What are some things you'd like to highlight about the course?

Among the many things we do in an introductory course is learn keywords and concepts. If this is your first Native American and Indigenous Studies course, it might be the first time you’re hearing certain terms such as Indigeneity, settler colonialism, tribal sovereignty, blood quantum just to name a few. Because the Indigenous past and present is either marginalized or erased from high school (and higher education) curricula, we will spend time grappling with terms and concepts. To do this, we will together create a glossary. In groups—or individually for those who prefer to work alone—students will work to arrive at definitions of terms and explanations of concepts based on readings and possibly further research that they will post in a shared document. As we watch films, read novels, or listen to music, this document will provide us with a common language to analyze our sources. Instead of memorizing terms, we will wrestle with them to arrive at a deeper understanding of the field of Native American and Indigenous Studies.

Students will have the option to work collaboratively for their final projects—such as producing a podcast—or do a more standard written final assignment.
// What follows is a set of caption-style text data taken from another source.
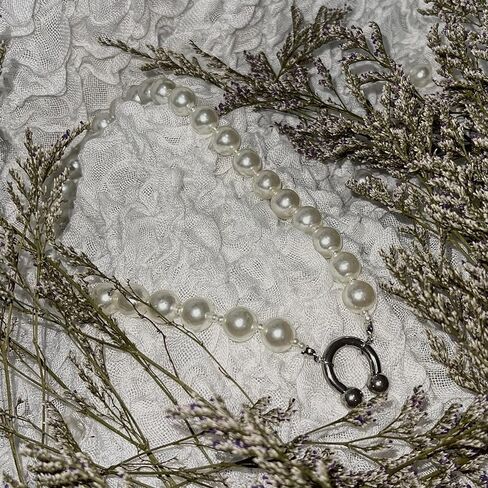 Unisex HANDMADE MGK Inspired, Punk Faux Pearl Necklace, Steel Horseshoe Clasp Pearl Necklace, Emo, Y2K, Trendy in Saudi Arabia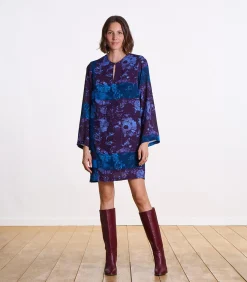 La Fée Maraboutée Vloeiende korte jurk met pruimprint violet Discount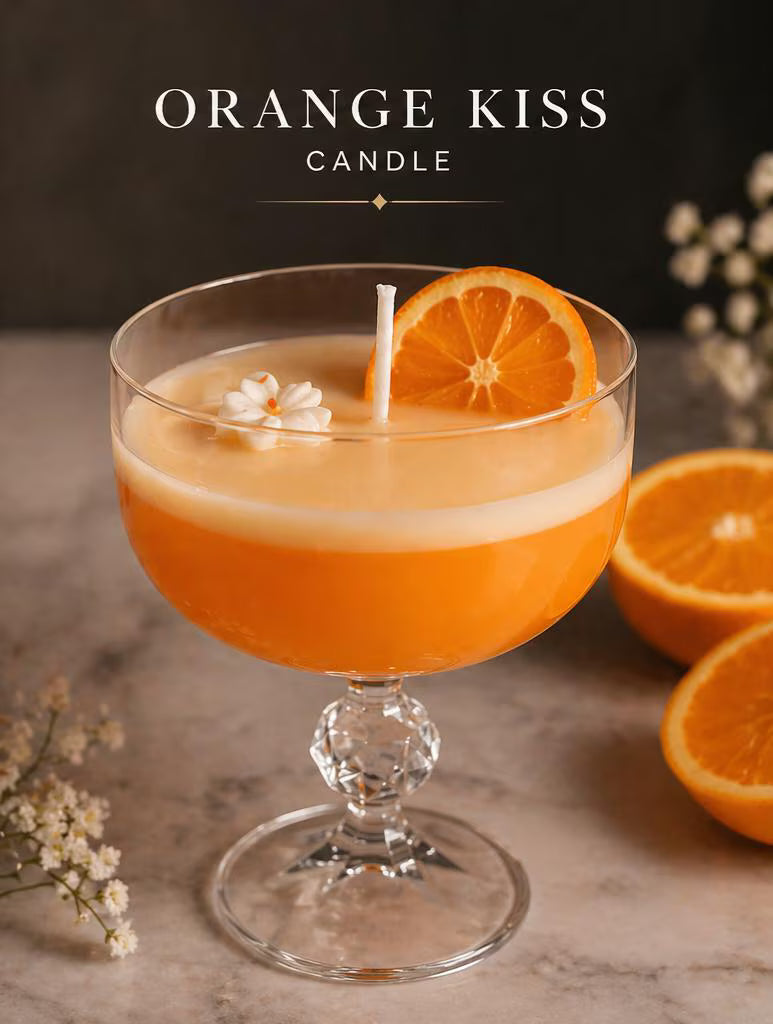 Cocktail Candle – Strawberry Kiss, Lemon Kiss, Espresso Martini, Orange Kiss, Bond Martini – Handgemachte Duftkerzen in Sektschalen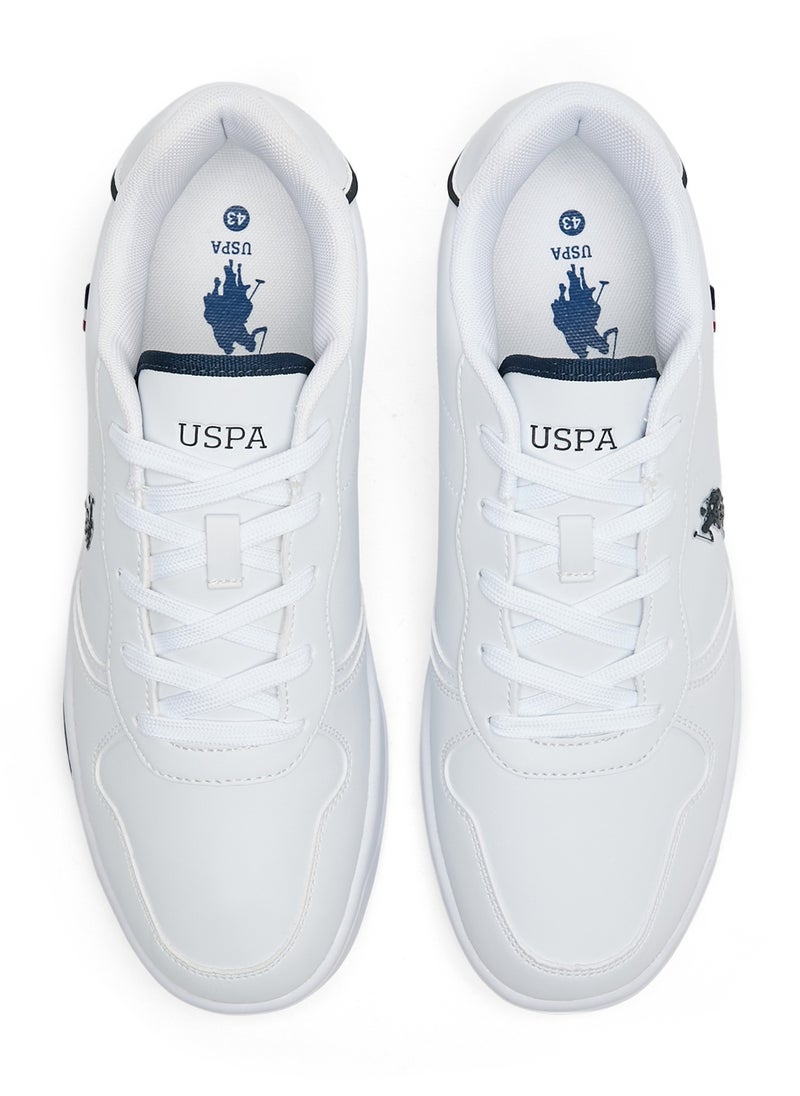 Men's White Low-Top Sneakers - Lightweight, Minimalist Design with Red & Blue Accents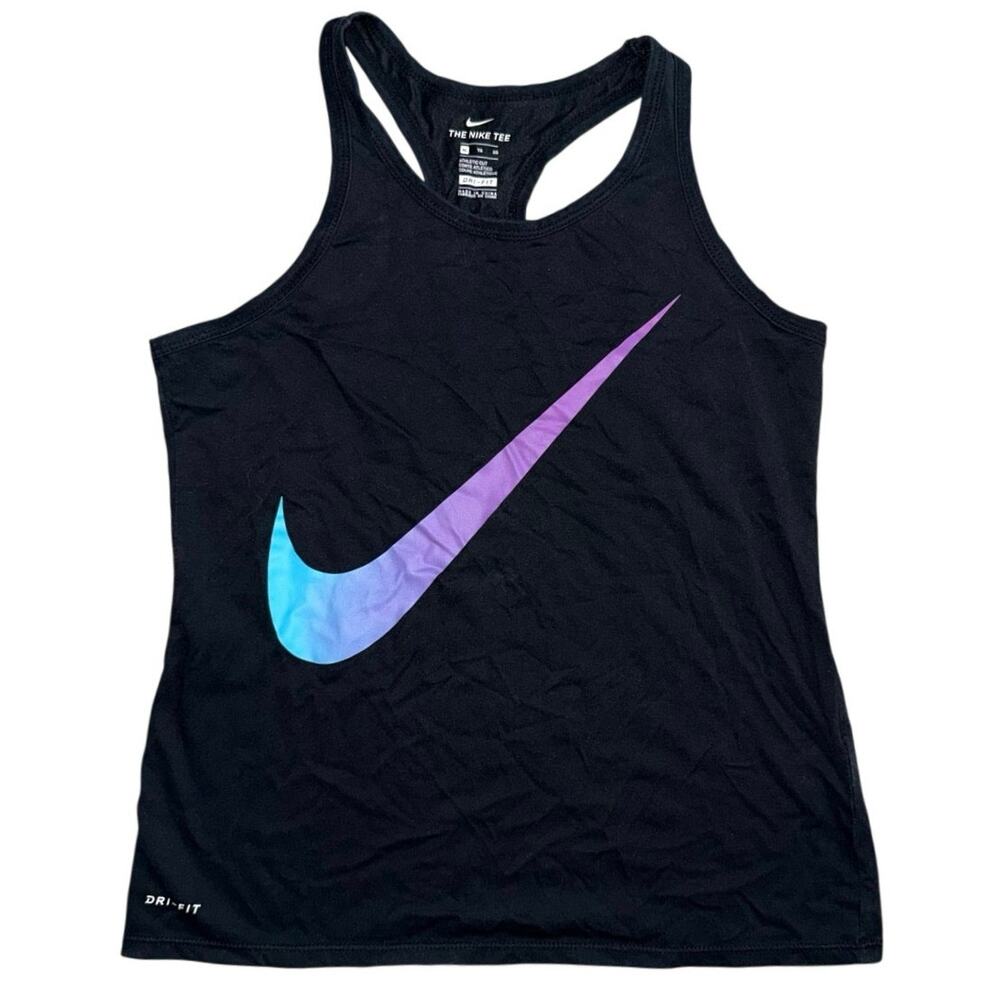 Nike black tank top blue pink gradient ombre swoosh Size kids girls xl shirt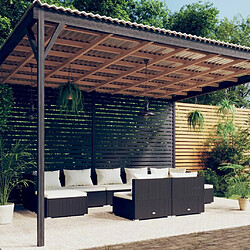 vidaXL Salon de jardin 9 pcs avec coussins Noir Résine tressée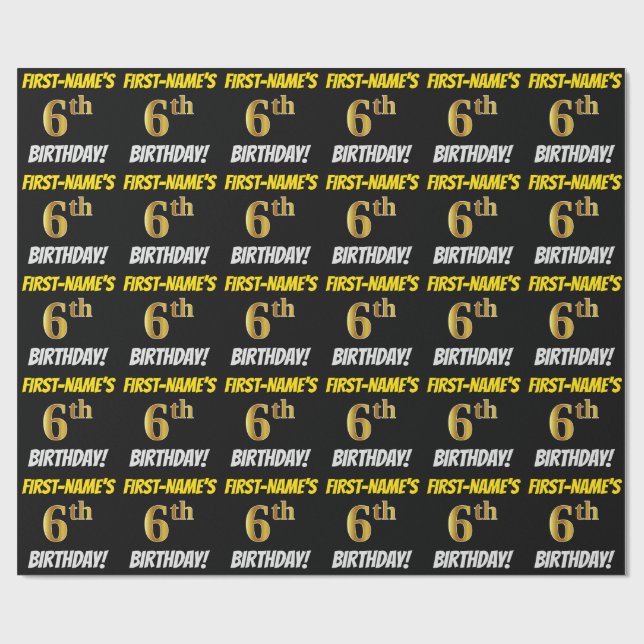 Black, Faux/Imitation Guld, "6e BIRTHDAY" Presentpapper (Platt)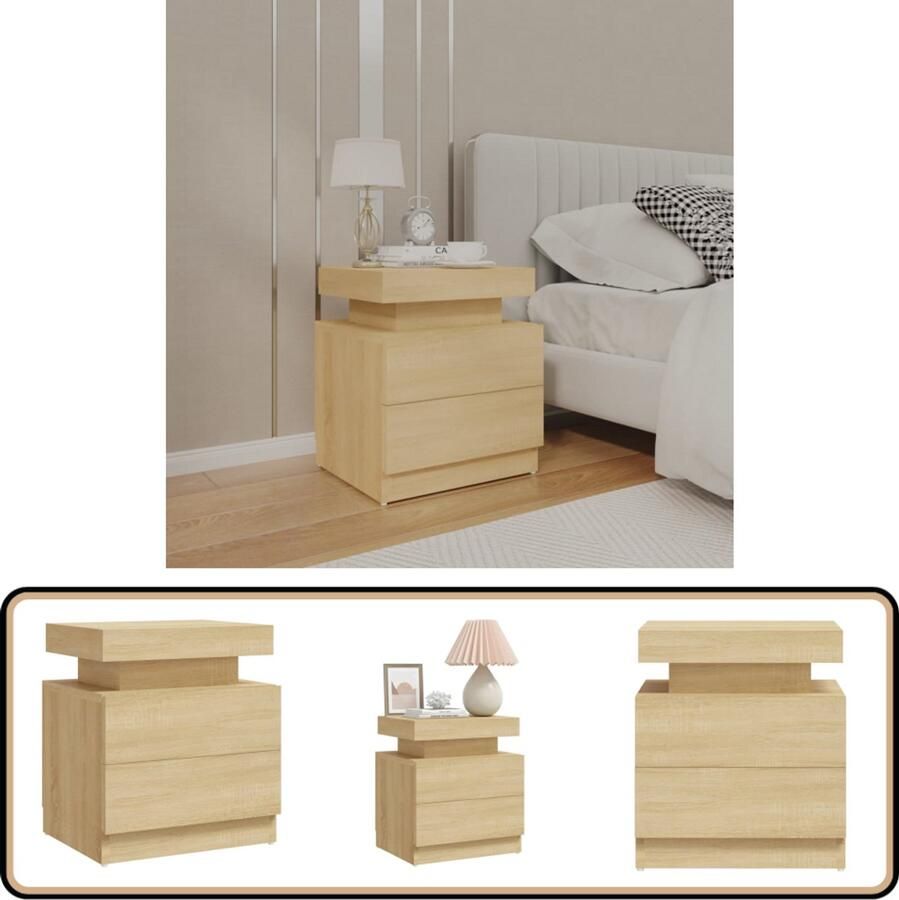 VidaXL Nachtkastje 45x35x52 cm Sonoma eiken Nachtkastje Nachttafel Salonmeubel Slaapkamermeubel Houten Meubel Bruine Meubel Design Meubel Sonoma Eiken Spaanplaat Bergruimte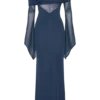 Kaitlin One Shoulder Slinky And Mesh Maxi Dress – Midnight Blue Kaitlin One Shoulder Slinky And Mesh Maxi Dress – Midnight Blue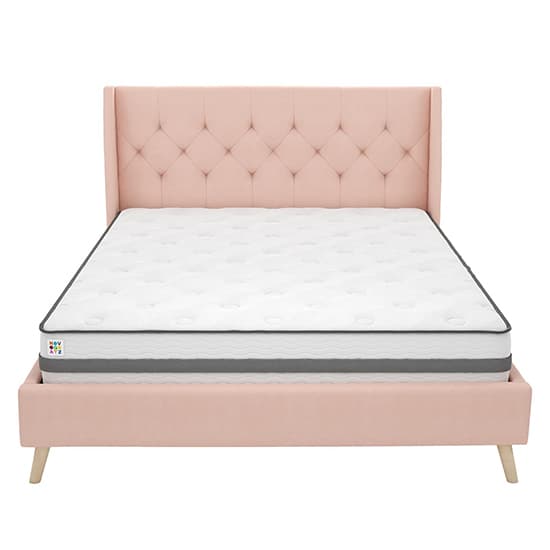 Heron Linen Fabric Double Bed In Pink_4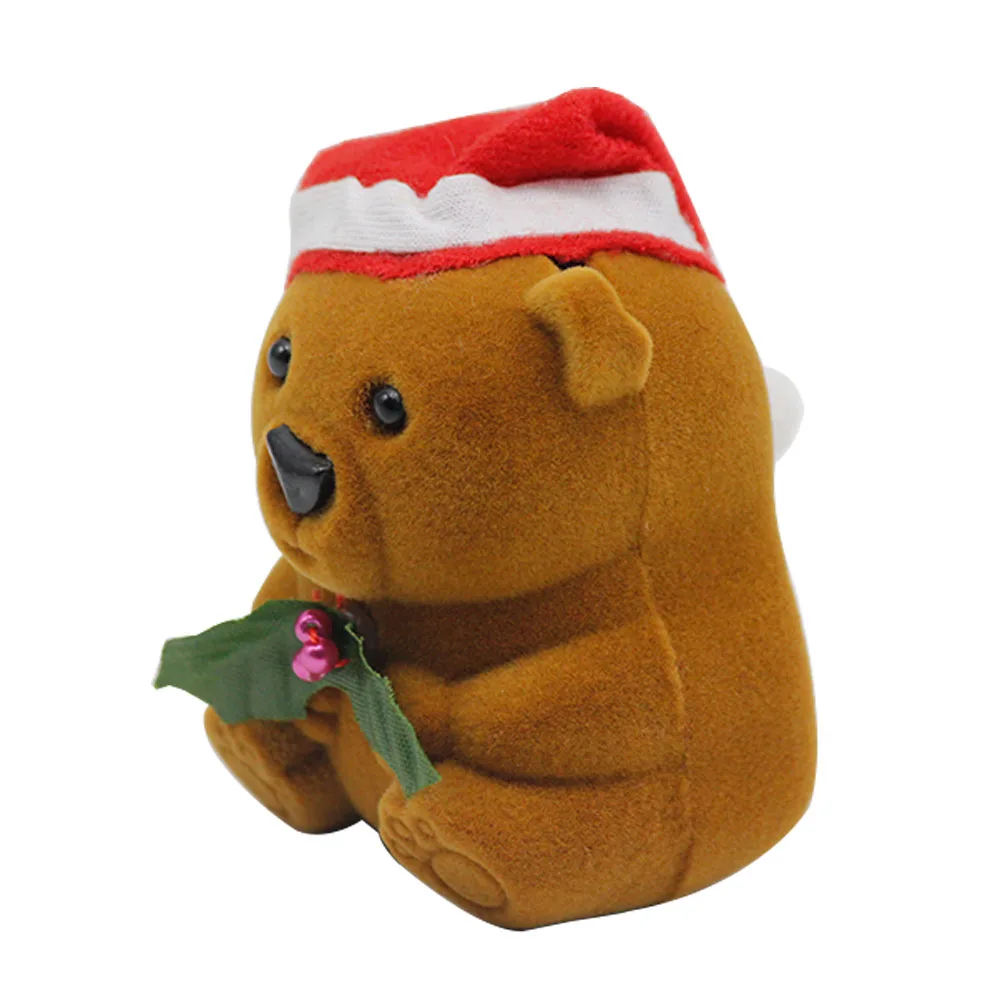 Animal shape bear flocked carton ring earring packing box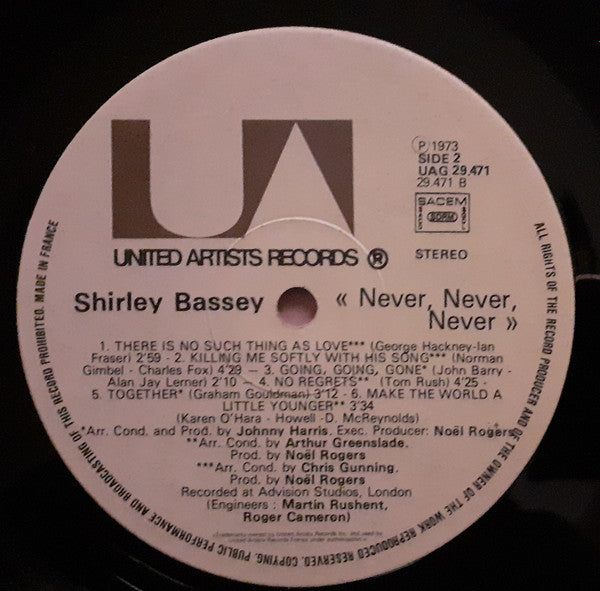 Shirley Bassey – Never Never Never - Vinyl LP, Album, Gatefold, France 1973 (USED VG+)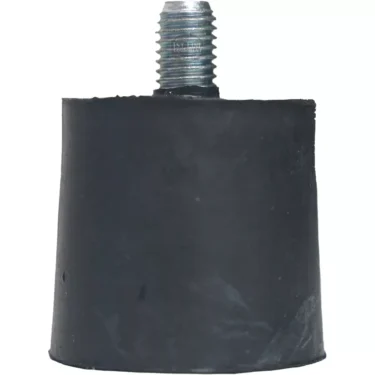 The F..190 40mm FOOT is a black rubber cylindrical bumper with flat top and bottom, featuring a centrally located threaded metal bolt on the top surface. © 2025 1st-line.com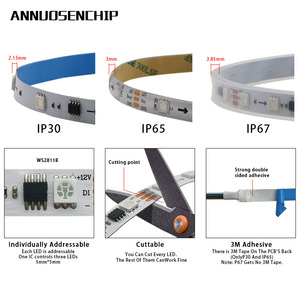 2811 LED piksel şerit 5M DC 12V 30 60 LEDs/M IP30 IP65 IP67 su geçirmez adresli dijital 5050 sihirli renk RGB ışık çubuğu WS2811 - Product Image 3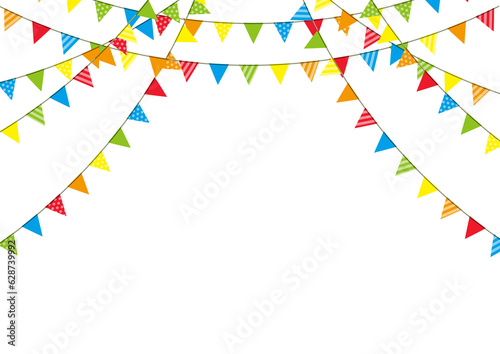 ペナント・フラッグ・旗の背景フレーム、カラフルなガーランド素材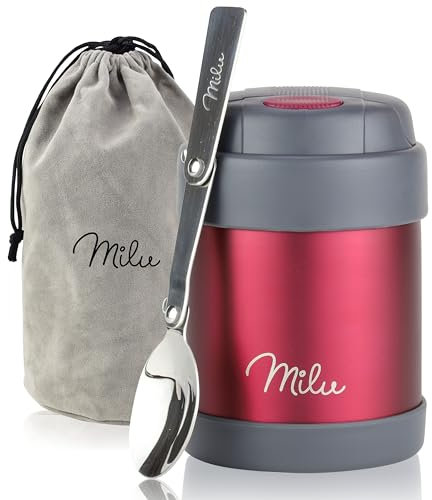 Milu Thermo per Alimenti 300ml 440ml 450ml 650ml 800ml I Contenitore Termico di Acciaio Inossidabile, Isotermico Sottovuoto per Cibi Caldi e Freddi (Bacca, 300ml)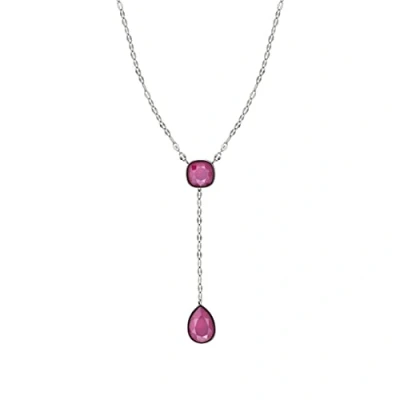 Image of Nomination Allure Necklace for woman in Stainless Steel with 2 Fuchsia Crystal. Lenght 45 adjustable to 54 cm. Made Italy.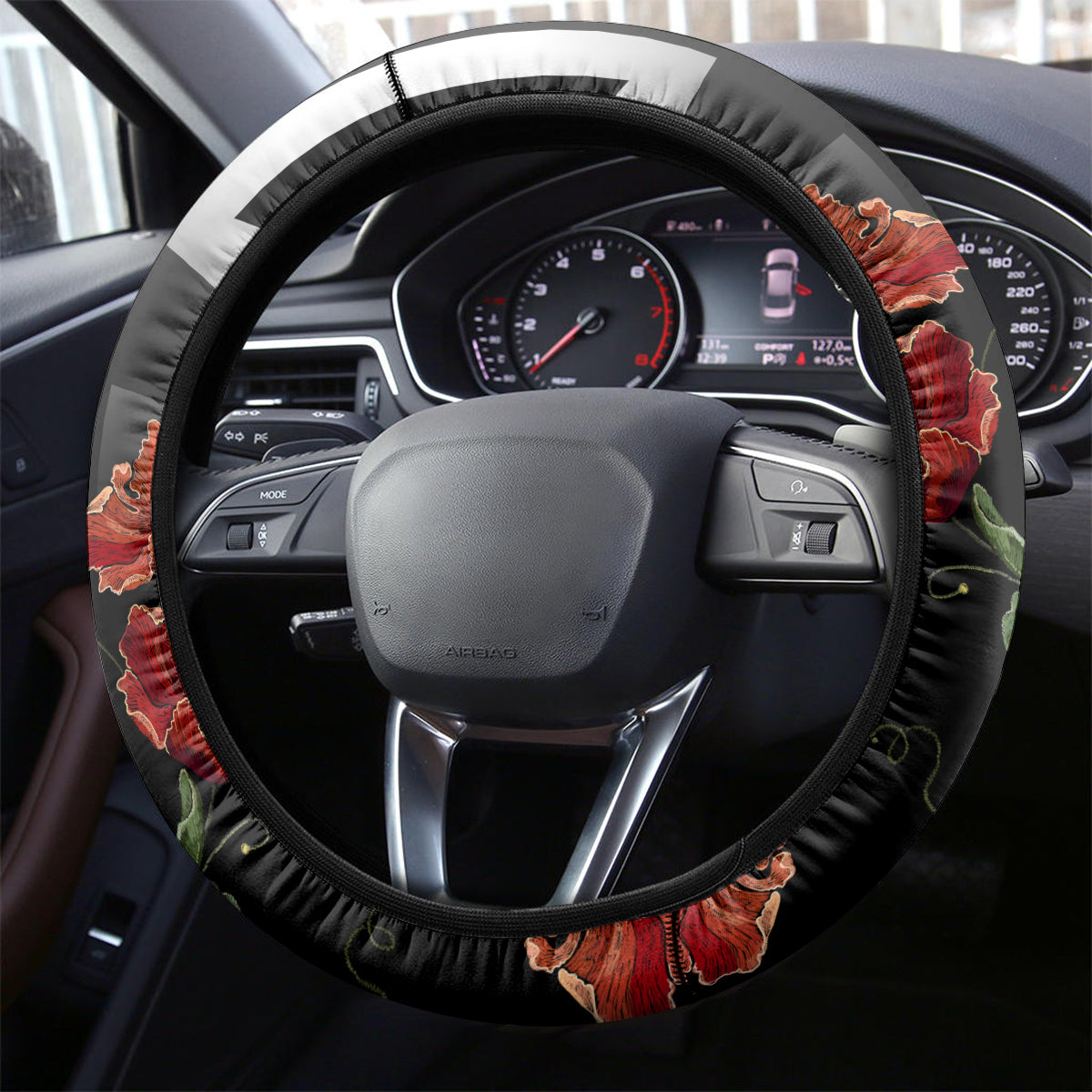Remembrance Day Steering Wheel Cover Lest We Forget Poppy Flower - Wonder Print Shop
Whatever they decide, the aim is to produce something with a public audience in mind. I’m excited to work with students as they find ways to creatively apply and express what they’re learning in the course

L98 AMCS 227 Topics in Native American Culture: Introduction to Native American and Indigenous Studies

 

Balraj Gill is a historian, interdisciplinary scholar, and educator who works at the intersection of Indigenous Studies, Carceral Studies, and histories of colonialism and imperialism in the Americas. Dr. Gill’s current research focuses on the formation of the carceral state through its relationship with tribal nations. Her manuscript project, The Politics of Confinement: Indigenous Homelands, Carceral Imperialism, and the Making of the Deep North, is a history of the Očhéthi Šakówiŋ Oyáte that focuses on the experiences of Dakhóta and Lakȟóta people with spatial and institutional confinements sanctioned under U.S. and Canadian settler colonialism. It demonstrates how histories of Indigenous confinement and incarceration broaden our understanding of what scholars have called the Age of Mass Incarceration.

Dr. Gill teaches courses in Native American and Indigenous Studies and on the cultures of carcerality and imperialism. Her research and creative practice interests further include memory and memorialization, the labors of love and care, kinship and kin-making, critical geography, data visualization, mass education, social movements, and cooperative institution-building.